- [Work to complete]
Up to and including the final line, please copy every line exactly, starting from the one that contains "Where We Lived: Discovering" in the material below.
-.-.-
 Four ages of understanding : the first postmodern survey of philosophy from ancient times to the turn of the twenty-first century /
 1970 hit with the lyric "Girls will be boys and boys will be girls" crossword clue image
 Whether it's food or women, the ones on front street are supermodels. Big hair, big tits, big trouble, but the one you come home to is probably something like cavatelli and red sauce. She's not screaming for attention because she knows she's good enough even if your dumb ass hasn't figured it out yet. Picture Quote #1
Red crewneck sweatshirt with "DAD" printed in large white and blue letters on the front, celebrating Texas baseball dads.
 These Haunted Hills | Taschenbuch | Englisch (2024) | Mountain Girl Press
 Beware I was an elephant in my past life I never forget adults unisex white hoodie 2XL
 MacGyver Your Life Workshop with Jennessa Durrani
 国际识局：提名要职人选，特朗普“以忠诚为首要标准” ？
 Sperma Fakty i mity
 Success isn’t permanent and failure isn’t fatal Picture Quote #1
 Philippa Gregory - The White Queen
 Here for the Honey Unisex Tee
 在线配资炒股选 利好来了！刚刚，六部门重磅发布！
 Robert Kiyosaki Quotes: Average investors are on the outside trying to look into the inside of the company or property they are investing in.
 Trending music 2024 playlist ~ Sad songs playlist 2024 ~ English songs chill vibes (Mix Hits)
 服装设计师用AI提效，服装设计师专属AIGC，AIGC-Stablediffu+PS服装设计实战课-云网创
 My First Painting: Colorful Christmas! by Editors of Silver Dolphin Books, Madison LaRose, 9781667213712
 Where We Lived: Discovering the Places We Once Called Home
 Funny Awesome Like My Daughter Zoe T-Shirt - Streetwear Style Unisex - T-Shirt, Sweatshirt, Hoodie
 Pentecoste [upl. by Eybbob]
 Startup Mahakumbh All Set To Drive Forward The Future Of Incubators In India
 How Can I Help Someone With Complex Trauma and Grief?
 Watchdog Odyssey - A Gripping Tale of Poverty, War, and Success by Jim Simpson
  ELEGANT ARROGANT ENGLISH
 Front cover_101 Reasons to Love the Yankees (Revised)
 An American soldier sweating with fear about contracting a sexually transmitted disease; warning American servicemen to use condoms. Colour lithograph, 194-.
-.-.-
- [Solution for this problem]
 Where We Lived: Discovering the Places We Once Called Home
 Funny Awesome Like My Daughter Zoe T-Shirt - Streetwear Style Unisex - T-Shirt, Sweatshirt, Hoodie
 Pentecoste [upl. by Eybbob]
 Startup Mahakumbh All Set To Drive Forward The Future Of Incubators In India
 How Can I Help Someone With Complex Trauma and Grief?
 Watchdog Odyssey - A Gripping Tale of Poverty, War, and Success by Jim Simpson
  ELEGANT ARROGANT ENGLISH
 Front cover_101 Reasons to Love the Yankees (Revised)
 An American soldier sweating with fear about contracting a sexually transmitted disease; warning American servicemen to use condoms. Colour lithograph, 194-.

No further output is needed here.